With everything looking up, the struggle of keeping the heading might be lost in the detail, so can the ability to realise its time to stop. It’s a different struggle, where things are so good we don’t know where to stop. Like the poor victim of that last bite of cake in the Monty Python sketch, squeezing that extra bit in can prove detrimental if not spectacularly fatal.

That’s a lot of words with no merit or particular point. I know. Trust me I’m doing my best to get there in as close to 140 characters or less as I can, doing my best and failing mind you, but that’s okay too.

Today will mark the 94th entry in my personal journal. This being the point of this exercise in hindsight, insight and maybe even foresight(gasp!). I want to share what writing a journal has become, is, and isn’t for me now after it’s become a full fledged habit. 

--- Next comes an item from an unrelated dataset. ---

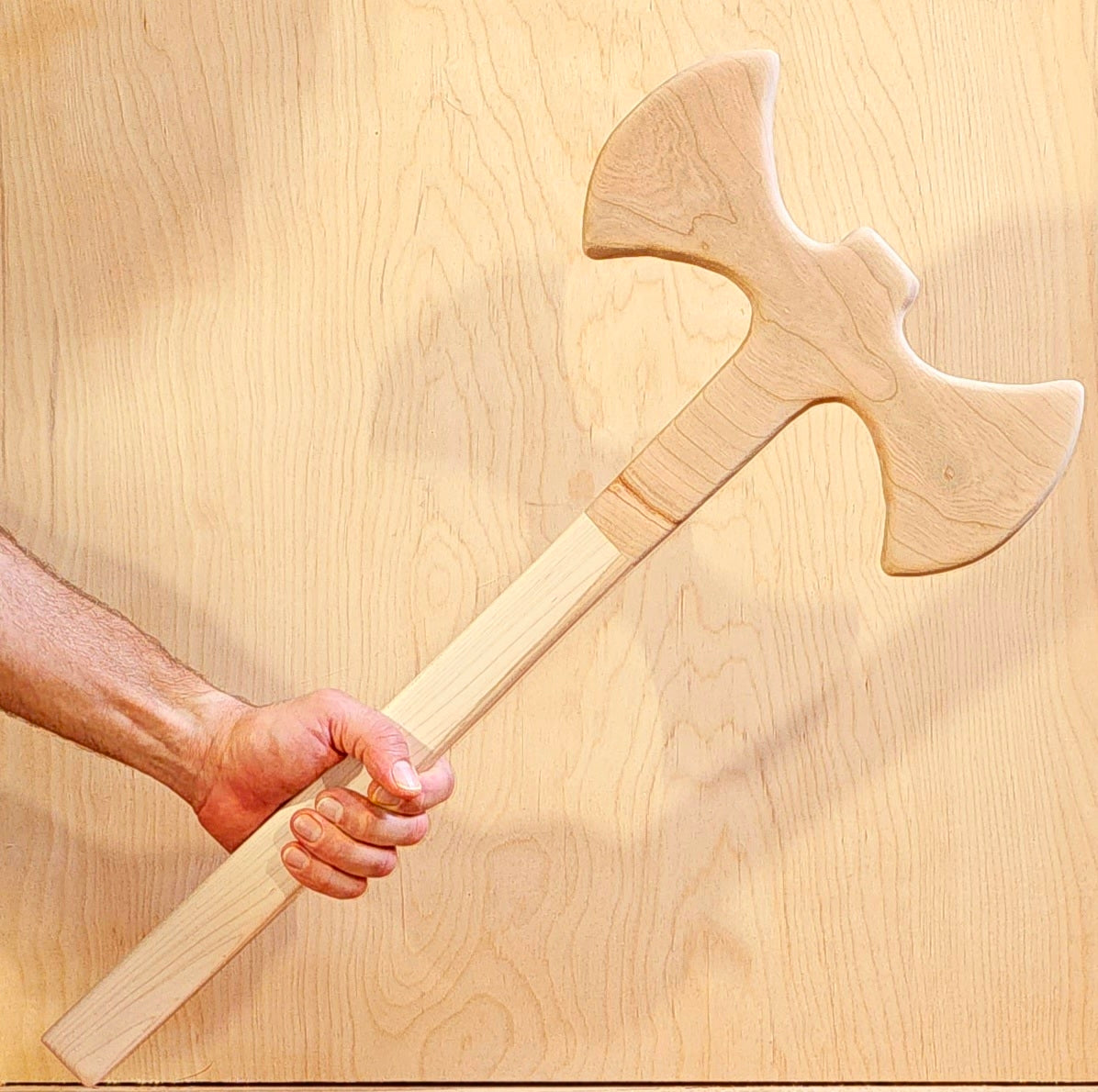 Double Edged Raw Cherry and Maple Wood Play Axe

It’s an opportunity to look back and see repetitive patterns of thoughts and behaviour. I’ve once seen that I started my entries for 4 separate days with “I feel weird”, where to be quite frank, weird isn’t exactly the most descriptive of adjectives. This has guided me to stop, take a few deep breaths, meditate and try to better understand what was it that I was feeling. It turned out I was feeling stressed about a very particular set of things and circumstances, that I just wouldn’t give the time of day to. And that thought just kept on bouncing around, unacknowledged, unwanted. Because “It can’t be something as simple or silly as that”, “I’m a big strong, well adjusted and established man hurt durr and those worries are beneath me”. Turns out they are not, and sometimes a silly bouncing thought denied comes back and knocks the wind out of you like a solid straight.

It’s not perfect and it doesn’t have to be, for me at least. I do have to fight the urge to wash myself clear of dark thoughts, imperfect actions and notions. To write myself impeccable like Aragorn swinging Anduril. To write in perfect prose. To make it all fit. It could, but it doesn’t have to. It can be alogical, because I sometimes am a-logical. It can be Joycean, a stream of consciousness. I’ve quickly found that if I want it to be true, from the heart, honest it can never be perfect, and once again I’ve learned to be okay with that.

It’s an opportunity to hold yourself accountable an opportunity to be compassionate. More than one entry or paragraph I will have written speaks of people that will have caused me grief. Wronged me in my perception. Where truth be told, they’ve done nothing of the sort more often than not. In writing down my reactions to people I’ve given myself a rare opportunity to look into the mind of Mateusz of the days past, and it turns out that dude is sometimes a bit all over the place. 
The trick here is, that it’s absolutely okay to be wrong, to be not okay, to be sad or upset or just need support, and it’s in this bit that journaling has helped. I now know how I felt then, I don’t get to be mad at myself for feeling a certain way because at that point in time it might’ve been the very best I could do. 
I originally wanted to make this about accountability but it didn’t feel honest. It’s about compassion. I feel in writing about how I feel about life, others and things I have found compassion and humility. For both myself, allowance for imperfection that I sometimes chase, and others, as they also ( I would think! ) experience all of those things and can’t always be their very best selves. 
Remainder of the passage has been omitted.